L’enquête CoviPrev de Santé publique France a révélé un doublement du taux d’anxiété, à 33 %, et la prévalence d’états dépressifs pouvant atteindre 27,7 % dans certaines régions, ce qui est très élevé. Pour les travailleurs s’y ajoute un accroissement des risques psychosociaux (RPS) dû à une accélération de la numérisation du travail, et en particulier du télétravail (Le numérique et la sécurité et la santé au travail, programme de recherche de l’Agence européenne pour la sécurité et la santé au travail).
Une plus forte charge cognitive, un effacement des frontières entre vie professionnelle et vie personnelle, un isolement social et un effondrement des collectifs de travail sont autant de sources qui ont accentué la souffrance. Dans une enquête menée en novembre 2020 par Malakoff Humanis, 70 % des télétravailleurs disent que le principal risque pour leur santé est le risque psychologique.
Des contreparties pas suffisantes
Ces constats préoccupants convergent avec ceux qui nous reviennent par nos réseaux professionnels respectifs de DRH, de syndicalistes, de spécialistes de la santé mentale. Les restructurations et les changements organisationnels du travail et le climat d’incertitude sur l’avenir professionnel qui ont accompagné cette crise ont eu aussi un impact non négligeable sur la santé mentale et le bien-être au travail.

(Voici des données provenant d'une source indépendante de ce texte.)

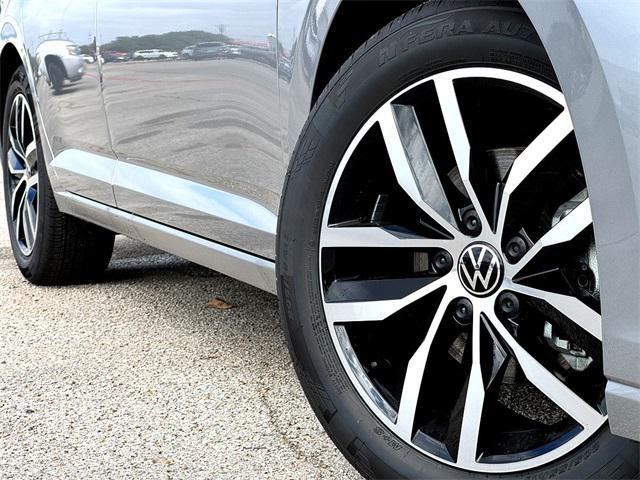 new 2026 Volkswagen Jetta car, priced at $29,186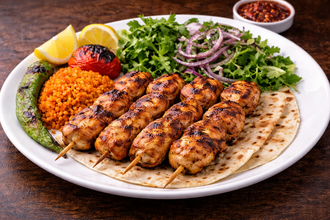 Tavuk Şiş (1 Kg.) görseli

Des contreparties existent, comme la réduction du temps de trajet entre le domicile et le lieu de travail qui a réduit le niveau de stress et de fatigue des télétravailleurs, mais elles sont loin de compenser les souffrances vécues dans un contexte anxiogène rarement atteint.
Depuis une quinzaine d’années, et essentiellement à la suite d’événements dramatiques (suicides au travail, développement des cas de burn-out d’origine professionnelle…), la France a pris conscience des enjeux de la prévention des risques psychosociaux (RPS), non seulement pour la santé des salariés, mais aussi pour la performance économique des entreprises.
La France dans le peloton de queue des pays de l’UE
Les Accords nationaux interprofessionnels (ANI) qui se sont succédé sur le stress au travail en 2008, le harcèlement moral et les violences en 2010, la qualité de vie au travail en 2013 et la santé au travail en 2020 montrent la préoccupation renouvelée des partenaires sociaux sur ces questions. Le vote d’une loi sur la santé au travail à l’Assemblée nationale le 17 février 2021 va aussi dans ce sens.